New to pandas, and I'm trying to get a rolling mean with a fixed window size. But I have 2 lists which represent timestamp tuples and values. I'd like the former to be used as weight for the latter. I would also like to make sure that the gaps in data are identifiable (the timestamps are not necessarily continuous).
Example lists:
ts = [(1415969999, 1415970014), (1415970014, 1415970030), (1415970030, 1415970045), (1415970045, 1415970060), (1415970060, 1415970075), (1415970075, 1415970090), (1415970090, 1415970105), (1415970105, 1415970120), (1415970120, 1415970135), (1415970135, 1415970150), (1415970150, 1415970165), (1415970165, 1415970181), (1415970181, 1415970286), (1415970286, 1415970301), (1415970301, 1415970316)...]
values = [8.0, 13.0, 11.75, 7.0, 8.5, 16.0, 16.0, 6.5, 4.0, 8.25, 5.5, 1.0, 0.0, 0.5, 0.5, 0.0, 0.25, 0.0, 0.25, 0.0, 0.5, 0.0, 2.25, 0.0, 0.25, 0.0, 0.25, 0.0, 1.0, 0.25, 0.25, 0.0, 0.25, 0.0, 0.5, 0.25, 0.0, 1.0, 0.0, 0.5...]

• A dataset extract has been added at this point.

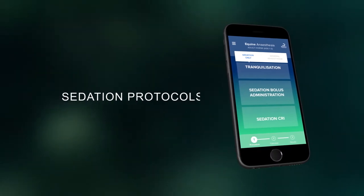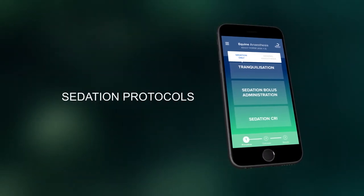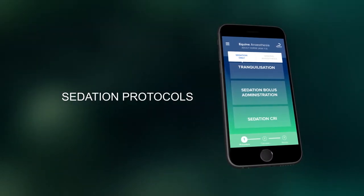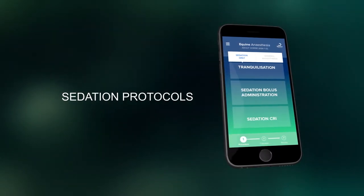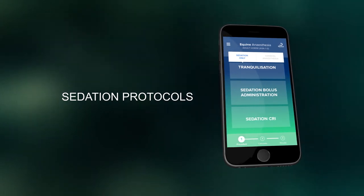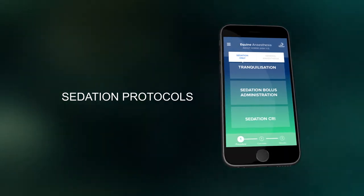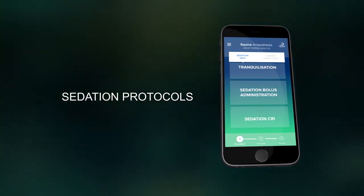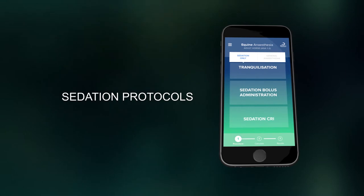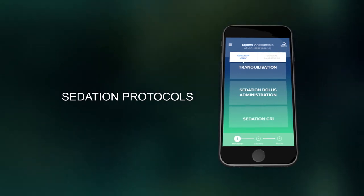Designing sedation protocols works in the same way. For sedation protocols, you can choose tranquilization only or sedation by either bolus administration or constant rate infusion, CRI.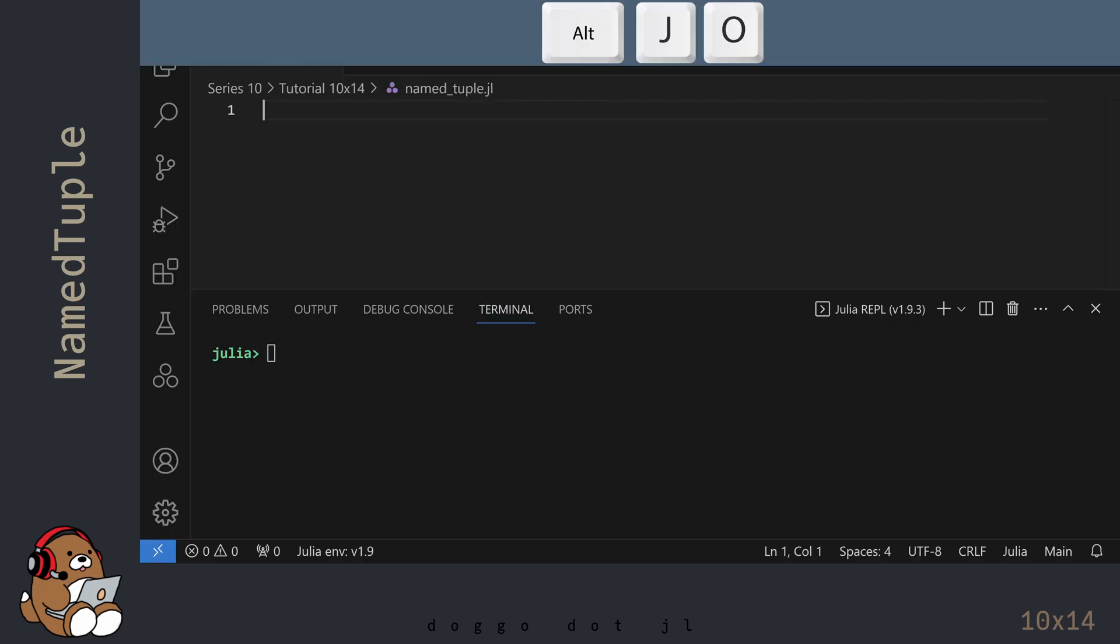I'm in VS Code, and I've already created a new .jl file. I've also launched the Julia REPL by using Alt-J, then Alt-O. And I've adjusted my user interface so that my REPL window takes up roughly half of my screen.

What I'm using right now is:
pandas_series = pd.Series(values)
window_averages = pd.rolling_mean(pandas_series, window=90) # 90 would be seconds here
But that doesn't take into account the weights. I have had a look here and here but can't quite piece this together.
EDIT
I sort of managed to get what I wanted, but I don't think the solution is quite optimal. It shows pretty much the input I need at the bottom, and includes gaps in data (which I represented with -1 for now here)
import pandas as pd
data = [(1415970014, 1415970030, 13.0), (1415970033, 1415970048, 11.75), (1415970048, 1415970053, 3.2)]
start_range = data[0][0]
end_range = data[len(data)-1][1]-1
previous_end_time = start_range
values = []
for t in data:
start_ts, end_ts, value = t
empties = []
while start_ts > previous_end_time:
empties.append(previous_end_time)
values.append(-1)
previous_end_time += 1
window_length = end_ts-start_ts
values += [value]*window_length
previous_end_time = end_ts
s_range_datetime_start = pd.to_datetime(start_range, unit='s')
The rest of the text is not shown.